From the first line of the records below through the line with "HI-LEVEL 8GB DDR4", output each line exactly; skip the pictures.

Scraped caption text data
•••
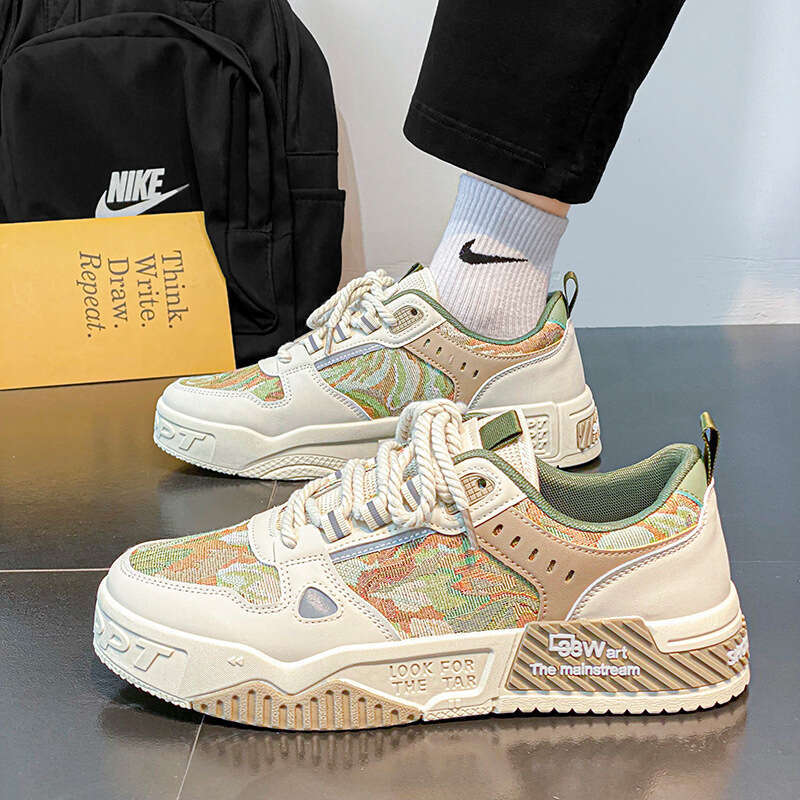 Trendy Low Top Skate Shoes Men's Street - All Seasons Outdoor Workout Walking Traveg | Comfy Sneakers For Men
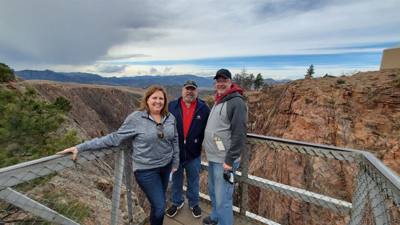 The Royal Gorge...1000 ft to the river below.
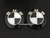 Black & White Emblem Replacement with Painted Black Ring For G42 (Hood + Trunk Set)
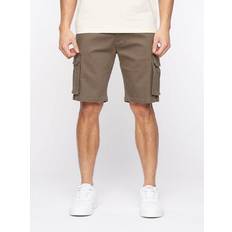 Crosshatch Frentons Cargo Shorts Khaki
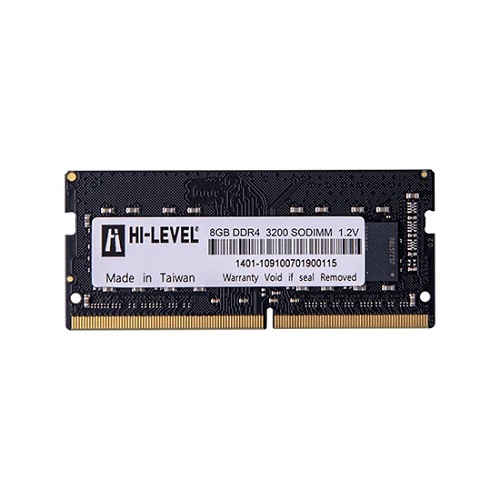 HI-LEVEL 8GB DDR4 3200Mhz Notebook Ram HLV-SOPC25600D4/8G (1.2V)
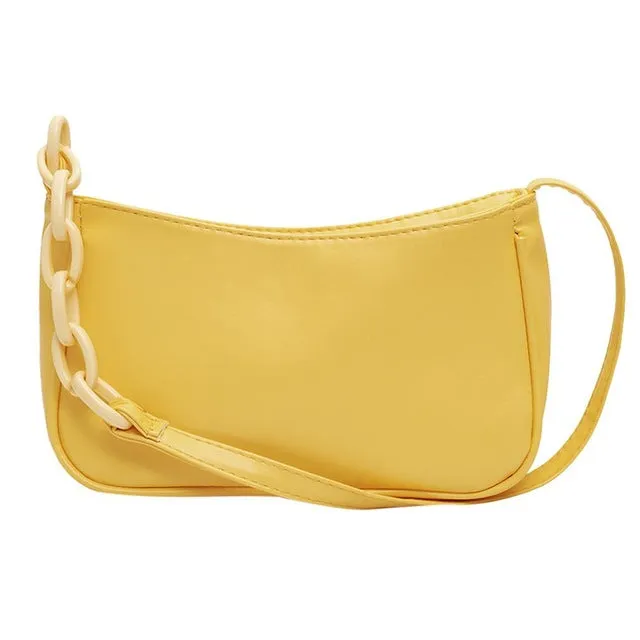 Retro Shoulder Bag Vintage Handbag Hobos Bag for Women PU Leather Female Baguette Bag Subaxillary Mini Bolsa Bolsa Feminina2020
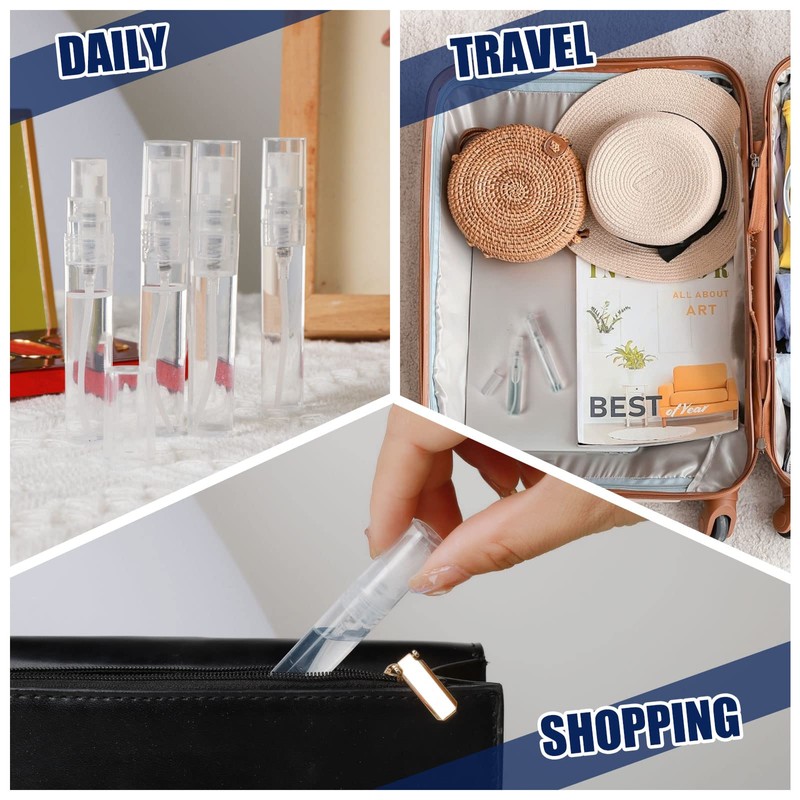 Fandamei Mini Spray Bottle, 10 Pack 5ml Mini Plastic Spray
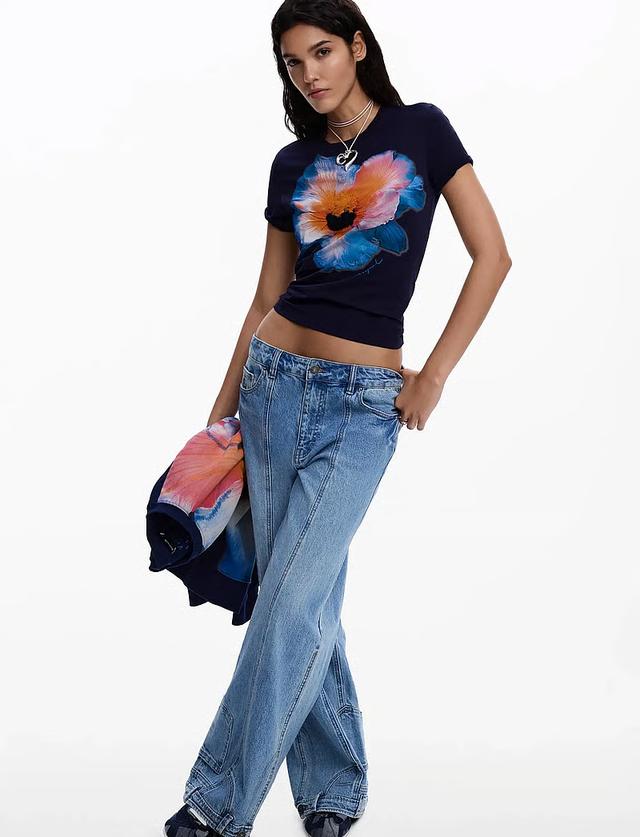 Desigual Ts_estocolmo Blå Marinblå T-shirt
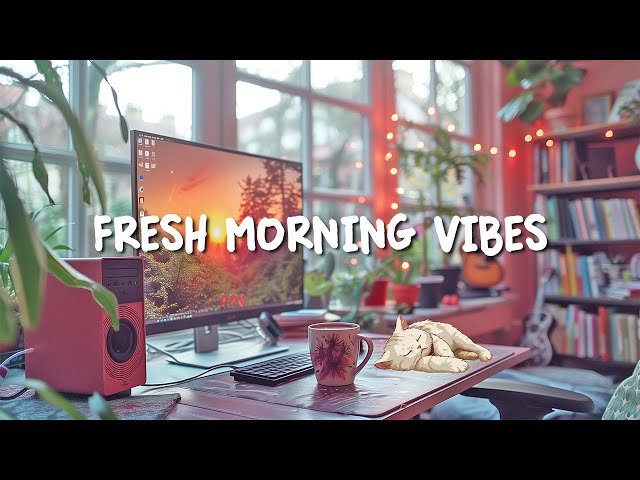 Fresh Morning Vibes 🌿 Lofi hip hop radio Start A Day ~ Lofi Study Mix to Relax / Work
•••
SOLUTION TO THIS TASK>
 Trendy Low Top Skate Shoes Men's Street - All Seasons Outdoor Workout Walking Traveg | Comfy Sneakers For Men
 The Royal Gorge...1000 ft to the river below.
 Black & White Emblem Replacement with Painted Black Ring For G42 (Hood + Trunk Set)
 Crosshatch Frentons Cargo Shorts Khaki
 HI-LEVEL 8GB DDR4 3200Mhz Notebook Ram HLV-SOPC25600D4/8G (1.2V)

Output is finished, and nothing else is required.